High, could anyone help me understand why is it more efficient calling math library functions than writing inline assembly code to perform the same operation?. I wrote this simple test:
#include <stdio.h>
#define __USE_GNU
#include <math.h>
void main( void ){
float ang;
int i;
for( i = 0; i< 1000000; i++){
ang = M_PI_2 * i/2000000;
/*__asm__ ( "fld %0;"
"fptan;"
"fxch;"
"fstp %0;" : "=m" (ang) : "m" (ang)
) ;*/
ang = tanf(ang);
}
printf("Tan(ang): %f\n", ang);
}
That code computes the tangent of an angle in 2 different ways, one calling the tanf function from the dinamically linked library libm.a, and the second one using inline assembly code. Note that I comment parts of the code alternatively. The code performs the operation several times to get meaningful results with command time y linux terminal.
The version that uses math library takes around 0.040s. The version that uses assembly code takes around 0.440s; ten times more.

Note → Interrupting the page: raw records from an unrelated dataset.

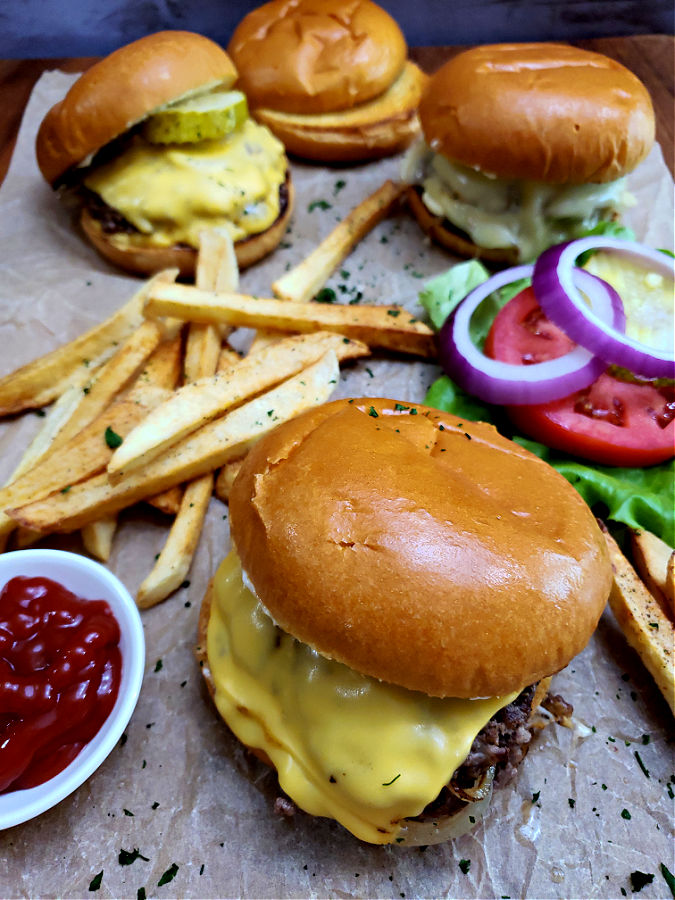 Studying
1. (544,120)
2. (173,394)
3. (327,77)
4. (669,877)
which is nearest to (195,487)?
(173,394)

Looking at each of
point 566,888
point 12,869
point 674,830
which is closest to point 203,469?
point 12,869

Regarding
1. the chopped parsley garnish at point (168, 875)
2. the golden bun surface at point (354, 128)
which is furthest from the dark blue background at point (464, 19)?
the chopped parsley garnish at point (168, 875)

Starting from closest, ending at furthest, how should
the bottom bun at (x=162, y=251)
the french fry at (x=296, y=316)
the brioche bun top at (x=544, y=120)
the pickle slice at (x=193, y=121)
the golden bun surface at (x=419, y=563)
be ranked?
the golden bun surface at (x=419, y=563), the french fry at (x=296, y=316), the brioche bun top at (x=544, y=120), the pickle slice at (x=193, y=121), the bottom bun at (x=162, y=251)

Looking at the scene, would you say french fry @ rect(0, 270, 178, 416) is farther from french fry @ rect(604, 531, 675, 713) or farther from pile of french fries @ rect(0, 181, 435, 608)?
french fry @ rect(604, 531, 675, 713)

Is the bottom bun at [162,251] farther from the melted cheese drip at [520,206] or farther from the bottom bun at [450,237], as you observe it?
the melted cheese drip at [520,206]

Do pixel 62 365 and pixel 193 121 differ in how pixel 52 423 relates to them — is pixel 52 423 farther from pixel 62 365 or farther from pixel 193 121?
pixel 193 121

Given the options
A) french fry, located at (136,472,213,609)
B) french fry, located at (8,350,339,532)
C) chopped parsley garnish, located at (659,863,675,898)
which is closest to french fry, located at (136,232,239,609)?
french fry, located at (136,472,213,609)

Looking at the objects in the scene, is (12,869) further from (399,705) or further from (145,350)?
(145,350) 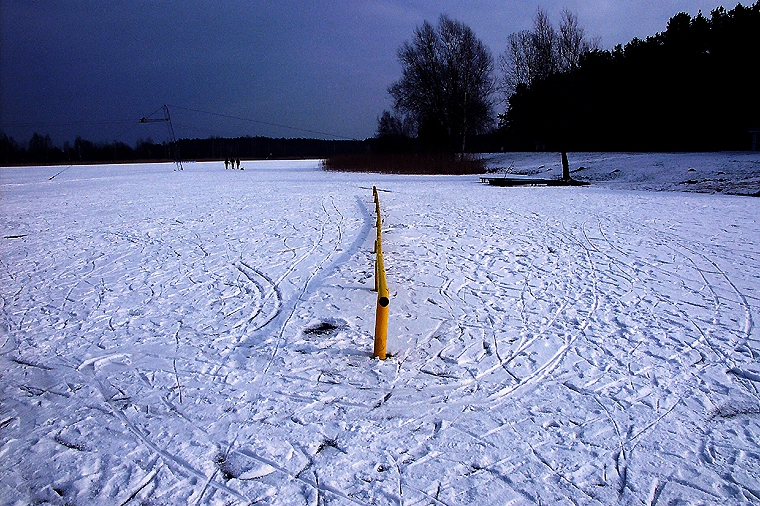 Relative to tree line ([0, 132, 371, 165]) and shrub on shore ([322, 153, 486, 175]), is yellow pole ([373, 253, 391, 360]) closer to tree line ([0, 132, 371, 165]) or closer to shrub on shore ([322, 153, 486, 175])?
shrub on shore ([322, 153, 486, 175])

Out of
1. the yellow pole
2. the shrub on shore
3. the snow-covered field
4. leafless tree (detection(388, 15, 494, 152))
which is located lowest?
the snow-covered field

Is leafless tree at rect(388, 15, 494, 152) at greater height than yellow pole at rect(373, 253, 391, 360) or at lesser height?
greater

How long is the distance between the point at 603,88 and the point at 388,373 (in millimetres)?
30067

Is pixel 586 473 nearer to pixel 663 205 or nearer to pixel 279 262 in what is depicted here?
pixel 279 262

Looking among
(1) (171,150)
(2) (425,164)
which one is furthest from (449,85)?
(1) (171,150)

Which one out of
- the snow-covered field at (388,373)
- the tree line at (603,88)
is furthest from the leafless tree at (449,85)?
the snow-covered field at (388,373)

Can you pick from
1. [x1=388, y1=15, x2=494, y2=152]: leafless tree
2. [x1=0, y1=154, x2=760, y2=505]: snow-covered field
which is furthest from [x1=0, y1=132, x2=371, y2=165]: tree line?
[x1=0, y1=154, x2=760, y2=505]: snow-covered field

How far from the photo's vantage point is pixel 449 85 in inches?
1900

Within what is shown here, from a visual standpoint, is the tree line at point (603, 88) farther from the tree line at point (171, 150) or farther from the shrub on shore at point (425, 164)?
the tree line at point (171, 150)

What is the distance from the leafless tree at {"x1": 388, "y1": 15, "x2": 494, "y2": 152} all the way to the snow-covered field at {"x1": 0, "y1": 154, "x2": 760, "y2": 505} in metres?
38.9

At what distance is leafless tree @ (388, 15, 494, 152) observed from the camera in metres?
46.9

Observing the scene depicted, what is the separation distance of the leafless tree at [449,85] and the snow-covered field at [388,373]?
38.9 m

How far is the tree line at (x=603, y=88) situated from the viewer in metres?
29.6

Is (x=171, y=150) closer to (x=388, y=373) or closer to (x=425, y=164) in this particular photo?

These are the results of disassembly. Both have been compiled with -O3 option.
LIBM
4005ad: b8 db 0f c9 3f mov $0x3fc90fdb,%eax
4005b2: 89 45 f8 mov %eax,-0x8(%rbp)
4005b5: f3 0f 10 45 f8 movss -0x8(%rbp),%xmm0
4005ba: e8 e1 fe ff ff callq 4004a0 <tanf@plt>
4005bf: f3 0f 11 45 f8 movss %xmm0,-0x8(%rbp)
4005c4: 83 45 fc 01 addl $0x1,-0x4(%rbp)
4005c8: 83 7d fc 00 cmpl $0x0,-0x4(%rbp)
4005cc: 7e df jle 4005ad <main+0x19>
ASM
40050d: b8 db 0f c9 3f mov $0x3fc90fdb,%eax
400512: 89 45 f8 mov %eax,-0x8(%rbp)
400515: d9 45 f8 flds -0x8(%rbp)
400518: d9 f2 fptan
40051a: d9 c9 fxch %st(1)
40051c: d9 5d f8 fstps -0x8(%rbp)
40051f: 83 45 fc 01 addl $0x1,-0x4(%rbp)
400523: 83 7d fc 00 cmpl $0x0,-0x4(%rbp)
400527: 7e e4 jle 40050d <main+0x19>
Any idea? Thanks.
I think I got an idea. Browsing the glibc code I found out that tanf function is implemented through a polynomial aproximation and using the sse extension. I guess that's turn to be faster than microcode for the fptan instruction.